ONTARIO
SUPERIOR COURT OF JUSTICE
COURT FILE NO.: CR-11-70000726-0000
DATE: 20140818
BETWEEN:
HER MAJESTY THE QUEEN
Applicant
– and –
JEREMY NORMAN
Respondent
Christine Jenkins, for the Crown
Jonathan Shime and Amanda Ross, for the Respondent
HEARD: July 22, 2014
R. F. GOLDSTEIN J.
BACKGROUND
[1] On September 29, 2010 Mr. Norman attacked a woman as she was walking up the front steps to her home. They did not know each other. It was a random, unprovoked attack. The woman suffered significant injuries. Some neighbours intervened and stopped the attack. Mr. Norman was restrained by the neighbours until the police arrived.
[2] At the time of the attack Mr. Norman was on parole. In 2003, he attacked and killed his drug dealer. He was under the influence of drugs and alcohol at the time. In 2005, he pleaded guilty to manslaughter before Watt J. (as he then was). Watt J. sentenced Mr. Norman to eight years in custody in light of 4 years of pre-sentence custody: R. v. Norman, [2005] O.J. No. 1073 (Sup.Ct.). Mr. Norman was released on day parole between 2008 and 2010. At the time of the September 29, 2010 attack he was on full parole and living with his mother. He was subject to conditions. He was required to abstain from drugs and alcohol and not enter any businesses where the primary source of revenue was from sales of alcohol. He was under the influence of alcohol and drugs at the time of the attack, in violation of his parole conditions.
[3] Mr. Norman was charged with assault causing bodily harm as a result of the September 2010 attack. He received bail. He remained in custody, however, as his parole was revoked.
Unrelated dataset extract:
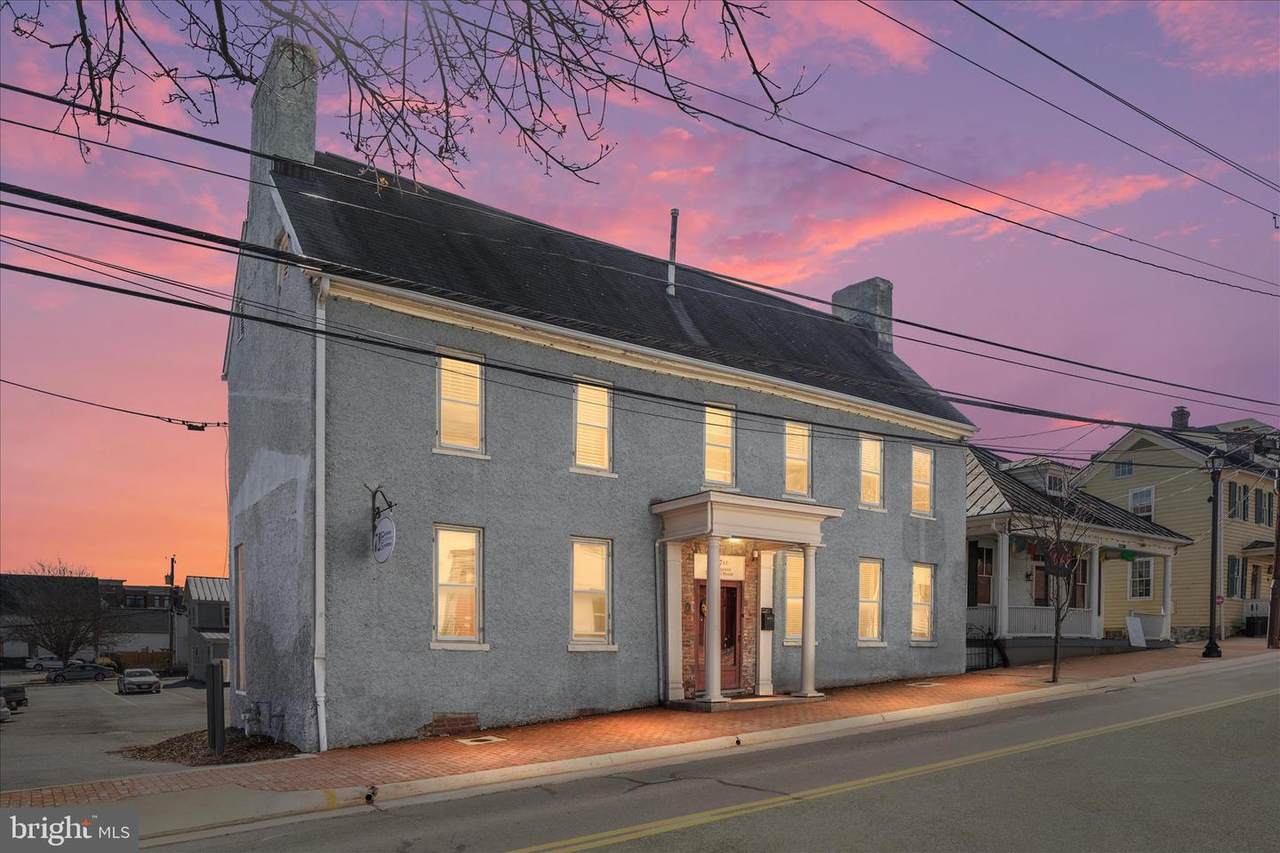 17 Loudoun Street - Photo 1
Eventually his sentence on the manslaughter charge expired and he was released in January 2013. He was re-arrested just over a month later, on February 21, 2013, and charged with failing to comply with his recognizance. He has been in custody since. On March 14, 2014 Mr. Norman pleaded guilty before me to assault causing bodily harm. He has not yet been sentenced. The Crown wishes to have Mr. Norman designated as a dangerous offender or a long-term offender.
[4] A court may not designate someone to be a dangerous offender or a long-term offender unless there has first been an assessment. The Crown applies to take this first step, and order an assessment. Ms. Jenkins, for the Crown, says that there are reasonable grounds to believe that Mr. Norman might be found to be a dangerous offender or long-term offender.
[5] Mr. Norman’s counsel, Mr. Shime, argues that the Crown has failed to show that Mr. Norman has engaged in a pattern of repetitive behaviour or a pattern of persistent behaviour such that there is a likelihood that he will cause death or injury to others. This is because he is a 41-year old offender with only two convictions for crimes of violence.
[6] I respectfully disagree. Mr. Norman’s behaviour meets the low threshold for ordering an assessment. For the reasons that follow I find that the Crown has met its onus and an assessment will be ordered.
ANALYSIS:
[7] Prior to being declared a dangerous offender or a long-term offender the Court must, on application by the Crown, order an assessment: s. 752.1 of the Criminal Code.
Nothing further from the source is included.